Posted by Jim at November 11th, 2004

I’m using Java and XML in my master’s project. Though I’ve used XML outside of Java, I’ve never used both in the same project. Thus I’m dealing with the associated learning curve.

Why am I using XML in this project? I’m still answering that question myself to a degree. The main reason is that XML is made to be used on a variety of computers and there are now many tools written in many different languages for using it. I could have created my own text format for it. Text is the ultimate in portability. Of course, XML is also text and if I had to create my own text format, would it be better than XML? Probably not.

The best time to use XML in my view is when your data is likely to be shared among various programs written in hard to predict languages. If you know what program/language people will be using to view your data, you’ll likely be able to find a better option.

Where am I using XML in my project? The best possible spot, I think.
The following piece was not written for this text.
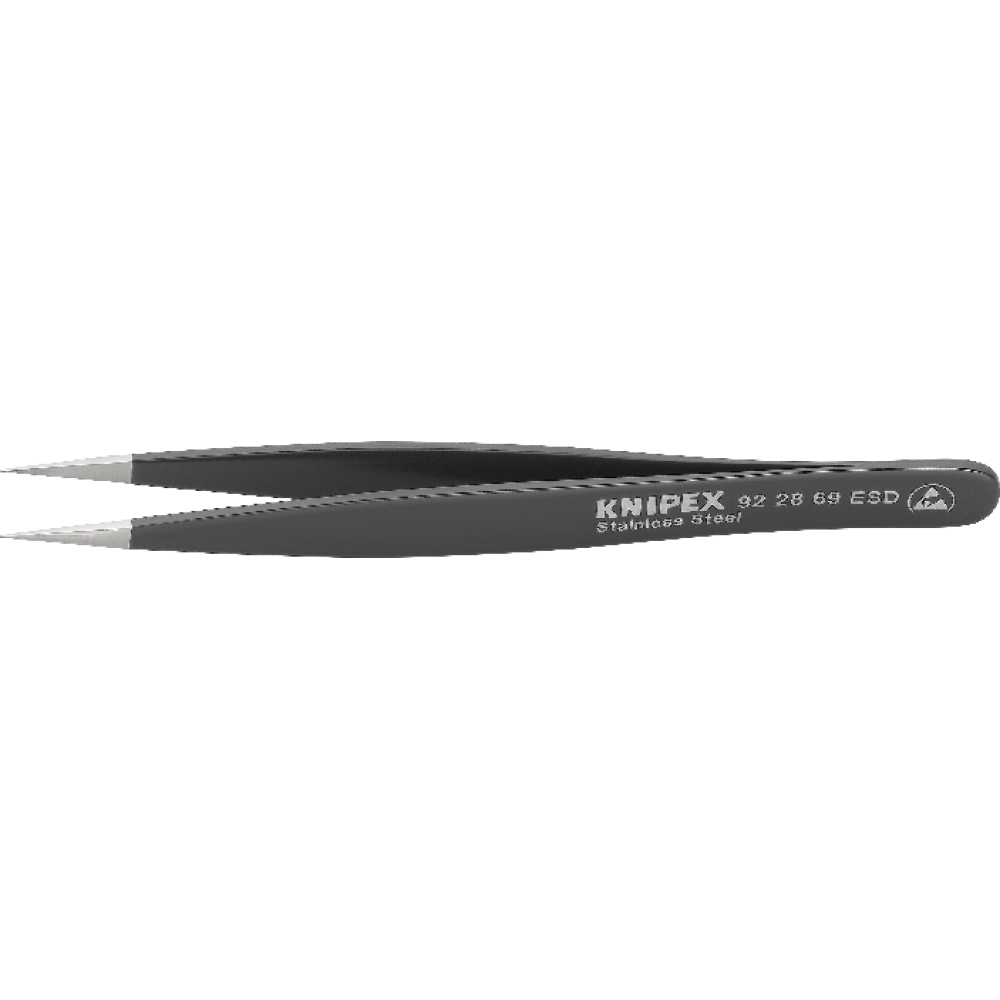 Pinzette ESD 130mm schwarz KNIPEX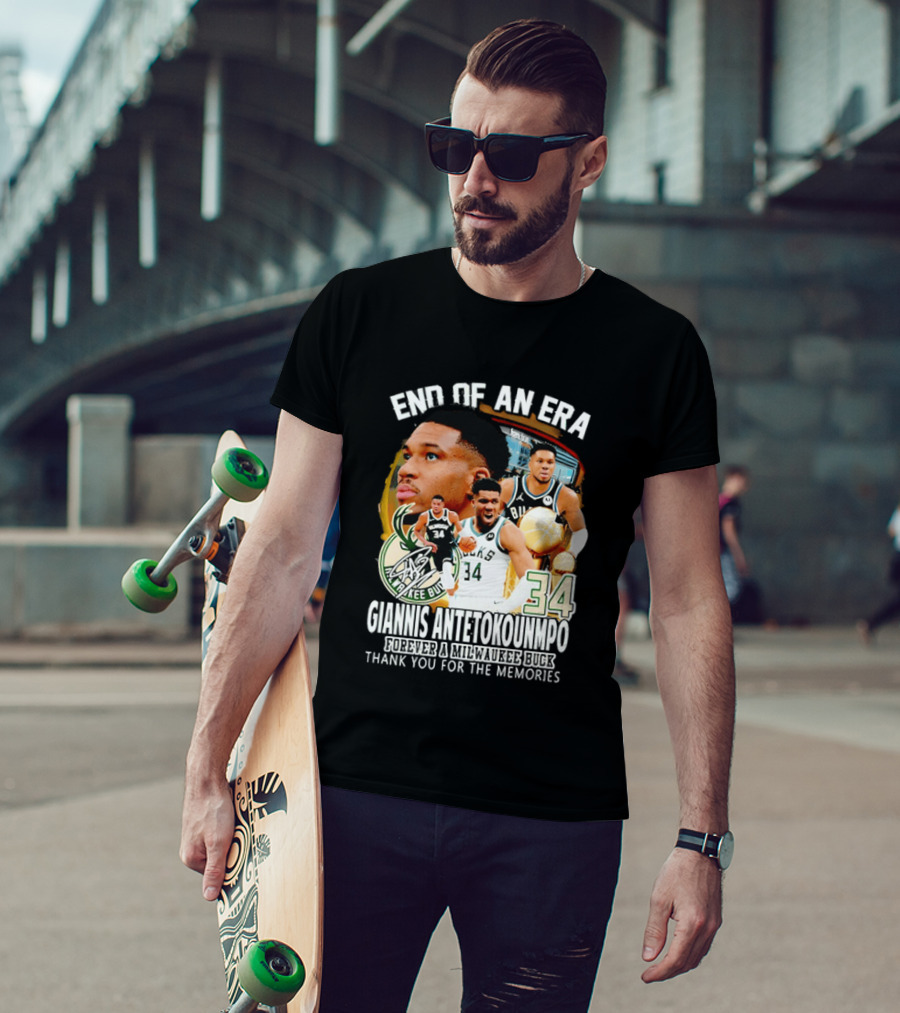 End Of An Era Giannis Antetokounmpo Milwaukee Bucks Thank You For The Memories T-Shirt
The project is a collaborative tool for editing web pages. I’m using xhtml (a version of XML based on html). This will allow me to either just store text in the xhtml (later to be parsed by an unknown program on the server) or to allow people to assign templates to the page and publish it directly.
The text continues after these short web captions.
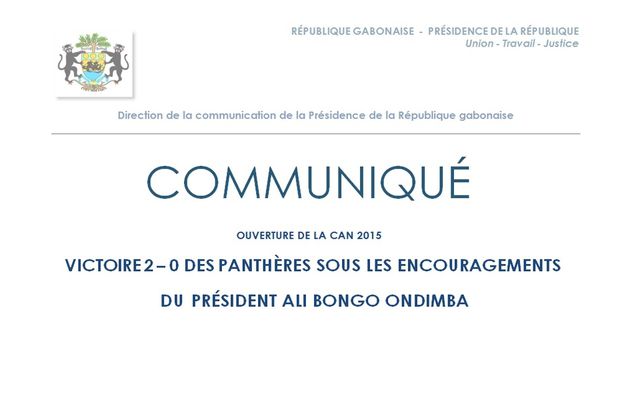 PRÉSIDENCE DE LA RÉPUBLIQUE : COMMUNIQUÉ DE PRESSE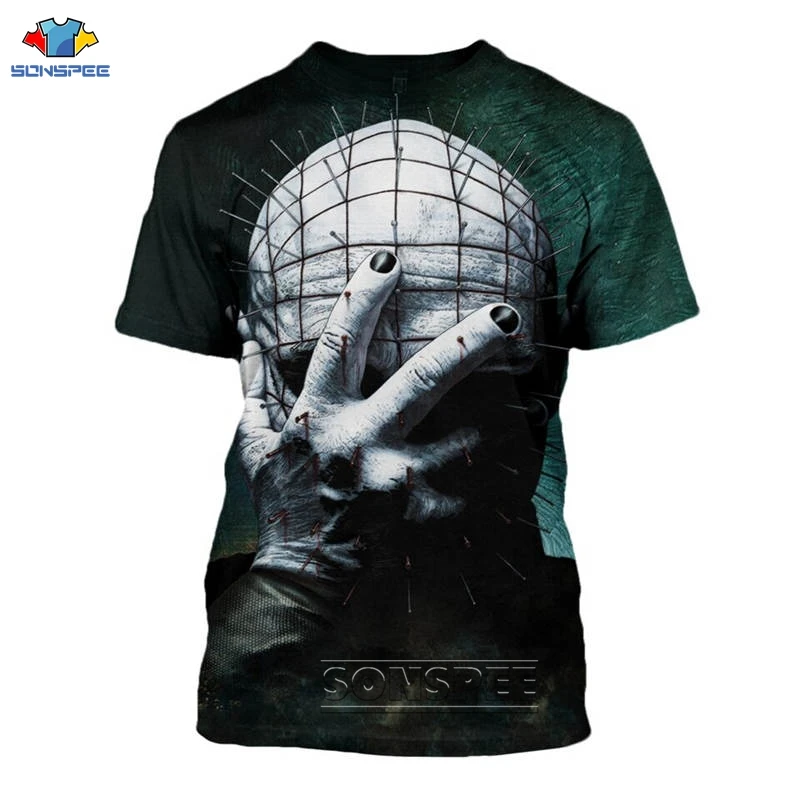 

SONSPEE Customize Tees Halloween Horror Pinhead Face 3D Print Men's Tops Unique Clothing Short Sleeve T shirt Women Drop Shiping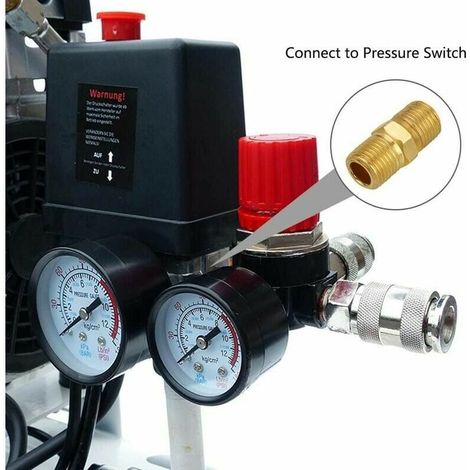 Régulateur pressione aria 3 vie, 175 psi, 12 bar, manometro 1/4" per compressore (nuova valvola 3 vie) (1/3)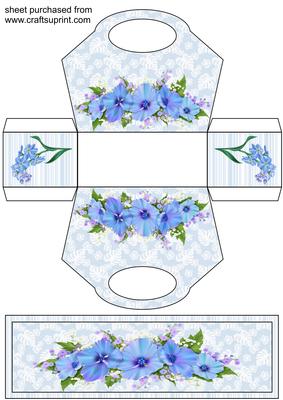 Blue Floral Gift Bag and Topper/bookmark Sheet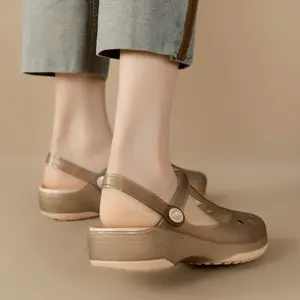 Women's Mary Jane Jelly Clogs Soft Sole Non-Slip Summer Beach Sandals fur slides Ballet Flat Wedge Slip-On Loafers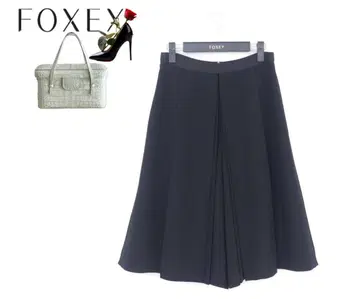 새상품급 FOXEY 폭시 와이드 팬츠 38 블랙 폴리에스테르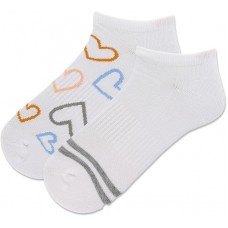 Hot Sox Women's Heart Low Cut Socks 2 Pair, White, Women's 9-11 Shoe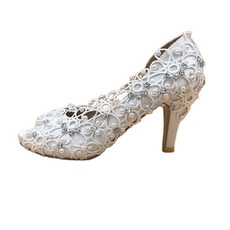 Poročni čevlji iz satenaste čipke s poročnimi čevlji z nosorogovim stiletto ročno izdelani poročni čevlji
How does Java parse XML? Basically a person has three options.

DOM: Java’s built-in class that implements the w3c’s suggestion for how parse XML. Essentially, it sucks the document into memory and reprents it as a tree. You find stuff in the tree (at least in the examples I’ve seen) by calling a function that recursively goes through the document. This works fine with many documents, but not too well with multiple gigabyte documents.
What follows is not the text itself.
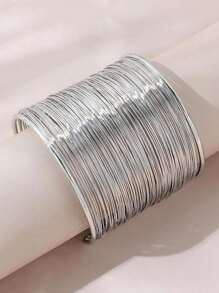 歐美經典流行高端奢華女士扭結鐵金屬絲和鐵合金手鐲,銀顏色 - 銀色 - 查看 2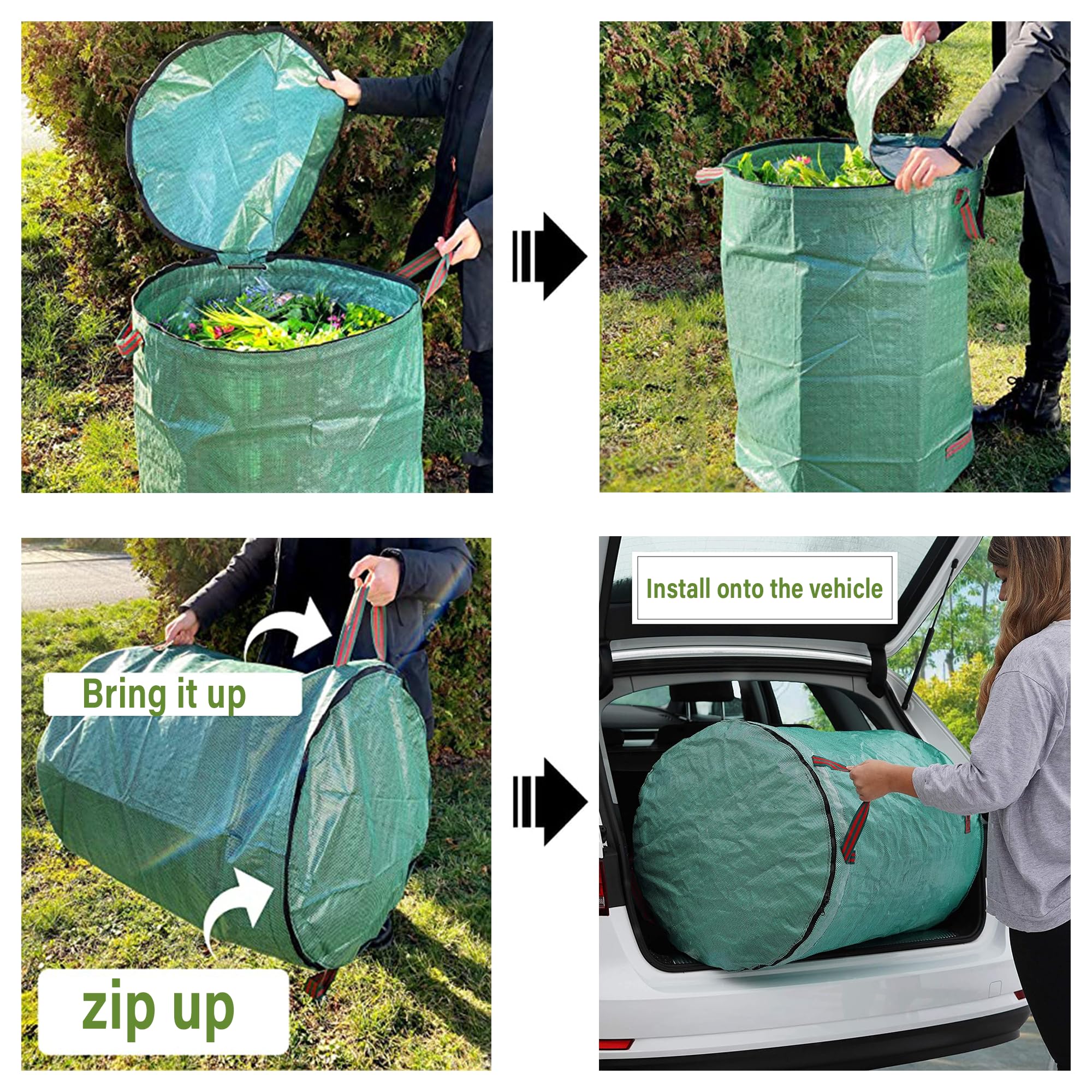 2PCS Sacchi da Giardino con Coperchio a Zip, Sacchi Spazzatura con 4 Maniglie Antistrappo, Robusto, Idrorepellente, Riutilizzabile per Raccogli Foglie da Giardino, Rifiuti Verdi(300L)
SAX: Rather than bring huge files into memory, the SAX parser searches through the entire file and retrieves only the part you request. I’m told that you have to write a bit more code to implement this one, but I haven’t yet seen this from experience.

JDOM: The first two parsers were meant as implementations of outside standards. Hence, they aren’t very “java-ish.” JDOM is a third party implementation of DOM that is supposedly easier to use than either DOM or SAX. I haven’t tried it yet, but I’m getting tempted.